Last year, an all-girls team from Michigan called the Pink Eagles won our global robotics competition. Siena Molinaro and Ena Garza from McAllen, Texas won third place. Overall, girls made up 44 percent of the 20,000 competitors across 52 countries, and 35 percent of overall participants in the younger (6-8) age bracket.

Enthusiasm among girls for the competition wasn’t an accident. Early tests of our robots revealed that girls tended to view robots with wheels as toys for boys. As a result, we opted to hide the wheels—placing them underneath the robot’s body. It’s a seemingly minor aesthetic difference, but one—among many—with real ramifications for increasing the appeal of computer science for both boys and girls. Our design process also led us to give our robots one eye and three legs to make it look like nothing else on Earth. It’s not a bug, puppy or anything else that may appeal more to one sex than the other. With our robotics competition, we focused on solving a problem, rather than creating a battle bot-style competition, to attract a broad swath of students.

Yet purposeful design in education isn’t about simplistic choices like making Legos pink or exploiting what author Peggy Orenstein describes as “gendered play patterns,”—the assumption that girls will be more interested in building a Lego hair salon or cafe than a Millennium Falcon. It’s about focusing on storytelling, music, and games that appeal to both girls and boys. It’s about making sure children feel like they belong—and searching for data that might challenge long-held assumptions about their behavior.

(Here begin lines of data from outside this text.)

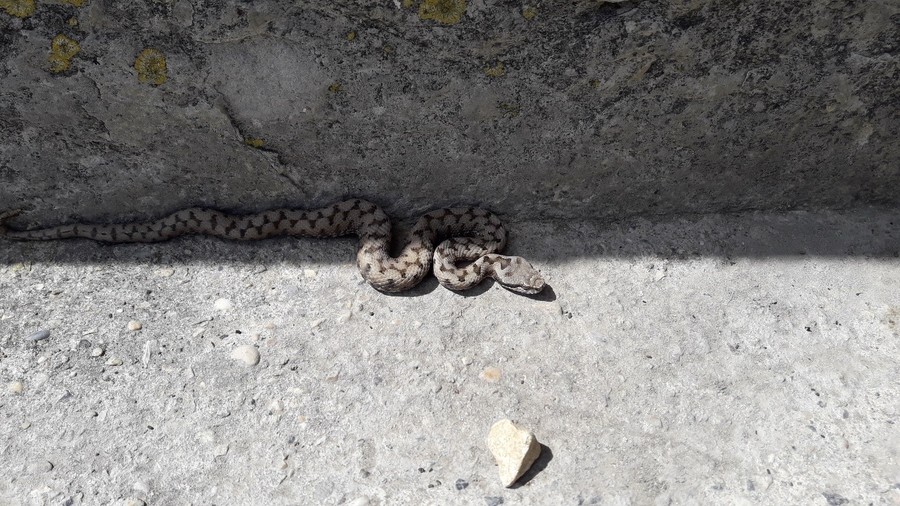 Action 14 - Travaux restauration morphologique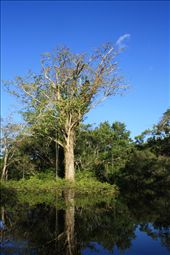 Cuyabeno is a wildlife reserve located on the equator.: by h2os, Views[573]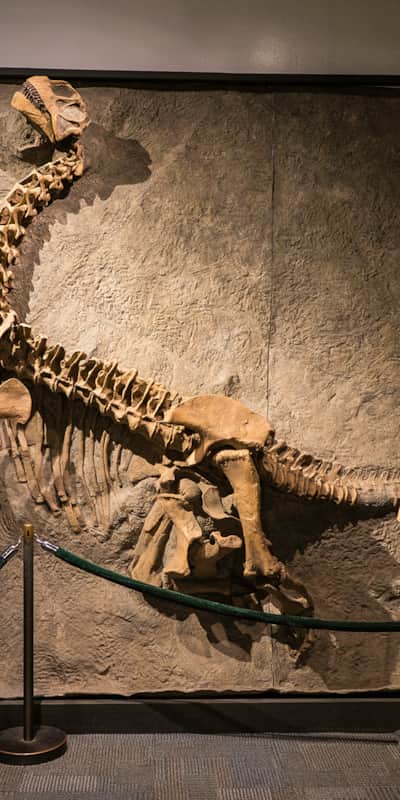 The Museum of Ancient Life displays more than 60 complete dinosaur skeletons.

Of course, it shouldn’t take the Pink Eagles or Khasis to show us that girls are as innately competitive as boys. Or a misguided memo to spark debate about how and whether, in the Silicon Valley, right-leaning views may be marginalized, ignored or unfairly characterized. We do better as designers and entrepreneurs when we create products that reflect aspirations rather than norms, and with the mindset that whether or not we change each other’s point of view, we will come away wiser from the debate.